Friday, January 13, 2017

Blow me down (please)!

Old, brown, crumbling things always interest me. (Don't take that too literally.) I am a great Popeye fan, I mean the original grotty old Max Fleischer cartoons of the 1930s. By wartime, it had all started to fall apart as Popeye (along with Donald Duck and most other well-known animated characters) began to spew propaganda for Our Side. But I had always had some dim awareness that he was based on a real person.

The cartoon Popeye, the comic strip I mean, was created by someone named Segar, and it had vastly more characters and was far weirder than the cartoon. The Sea Hag and Alice the Goon come to mind, as does someone named Ham Gravy. But when it came to the screen, the character was subtly altered. Ugly as Popeye was in the cartoons, he was uglier in the comic strip.

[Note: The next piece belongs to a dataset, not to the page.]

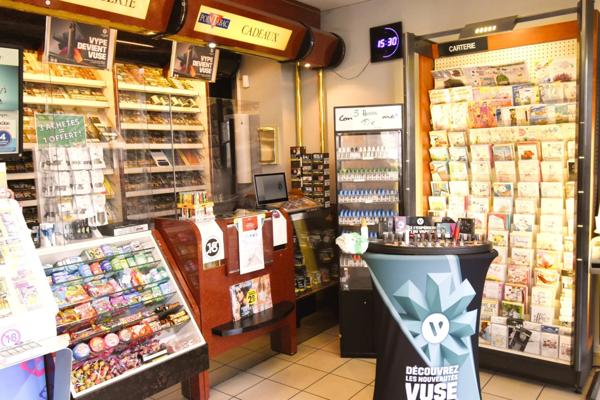 Dpt Bas-Rhin (67), à vendre proche de STRASBOURG Tabac, Presse, Loto, PMU, Relais Colis. 73 m2 - Emplacement n° 1.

THIS Popeye does resemble that fellow, Frank Fiegel of Chester, though I haven't been able to find out much about him. (Stay tuned.)

Meantime, here are two early Popeye moments that stick in my head:

From that ultimate authority on everything, Wikipedia:

"Local folklore in Chester, Illinois, Segar's hometown, claims that Popeye is based on Frank "Rocky" Fiegel, a man who was handy with his fists. Fiegel was born on January 27, 1868. He lived as a bachelor his entire life. According to local Popeye historian Michael Brooks, Segar regularly sent money to Fiegel."

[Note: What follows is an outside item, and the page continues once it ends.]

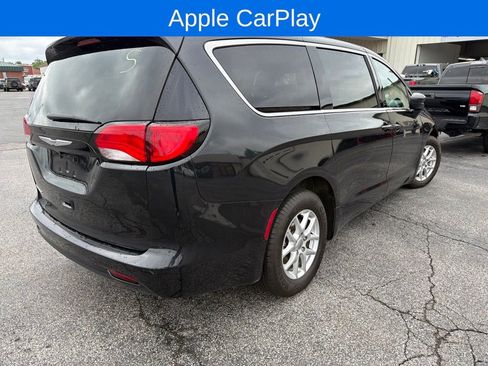 Used 2023 Chrysler Voyager LX FWD image 5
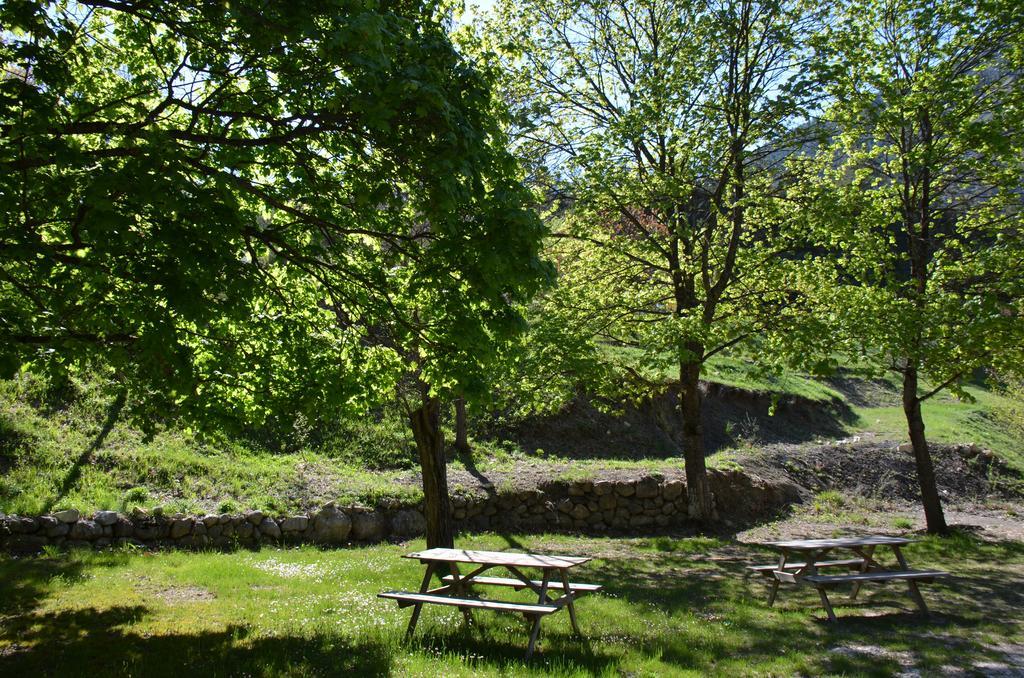 Camping Calme Et Nature Castellane Exterior foto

From that other site bearing Ultimate Knowledge, Cracked:

Find-a-Grave "A stone for me bones, heh-heh, a post for me ghost."

Fiegel was something of a local legend in Chester while Segar was growing up: He was known for always being prepared to dish out an ass whooping and taking on several opponents at the same time. He even acted exactly like Popeye -- locals claim that children would startle him while he napped and he would "jump out of his chair, arms flailing, ready for a fight." His official cause of death was "warships grew out of his biceps."

POST-POP. I just had one of those wretched experiences where most of my post just disappeared. I clicked on Revert to Draft and everything. But it's gone now, a few hundred words at least, and photographs and gifs.

Not sure whether it's worth trying to piece it back together, but I'd rather not lose a couple of hours like that. But do I want to lose ANOTHER couple of hours doing a salvage job?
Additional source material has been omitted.